Activist Investor Behind CSX Overhaul Sells Most of Its Stake
October 21 2019 - 5:17PM
Dow Jones News
By Paul Ziobro and Corrie Driebusch
The activist that shook up CSX Corp. has wound down most of its
investment in the railroad operator, marking an end to a three-year
saga that helped spur a massive overhaul of the U.S. railroad
industry.
Paul Hilal's investment vehicle, Mantle Ridge LP, has sold off
nearly all of its $1 billion position in CSX, according to
securities filings. About 4.7 million shares were bought back by
the railroad.
Mr.

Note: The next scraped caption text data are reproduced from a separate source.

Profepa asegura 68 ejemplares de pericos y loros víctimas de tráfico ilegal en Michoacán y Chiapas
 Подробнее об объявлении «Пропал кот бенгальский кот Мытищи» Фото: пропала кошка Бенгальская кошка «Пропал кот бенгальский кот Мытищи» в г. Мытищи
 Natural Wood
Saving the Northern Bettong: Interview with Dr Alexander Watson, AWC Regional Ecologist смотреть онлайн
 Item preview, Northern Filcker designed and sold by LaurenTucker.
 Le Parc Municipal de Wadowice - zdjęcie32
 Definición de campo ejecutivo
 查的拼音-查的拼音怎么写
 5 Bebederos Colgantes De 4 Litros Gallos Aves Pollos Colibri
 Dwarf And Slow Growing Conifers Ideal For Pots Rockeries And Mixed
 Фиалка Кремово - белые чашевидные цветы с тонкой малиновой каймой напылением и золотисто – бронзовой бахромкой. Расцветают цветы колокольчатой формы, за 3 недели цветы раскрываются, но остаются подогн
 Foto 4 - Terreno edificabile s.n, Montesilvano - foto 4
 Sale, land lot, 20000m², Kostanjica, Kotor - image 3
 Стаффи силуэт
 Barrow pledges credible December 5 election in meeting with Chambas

Hilal retains ownership of about 3.4 million shares of CSX,
according to a regulatory filing, and he will continue to serve as
a director and vice chairman of the company's board.
Shares of CSX have roughly doubled since January 2017 when The
Wall Street Journal reported that Mantle Ridge would mount a
campaign to shake up transform the railroad company.
A CSX spokesman declined to comment on the stock sale.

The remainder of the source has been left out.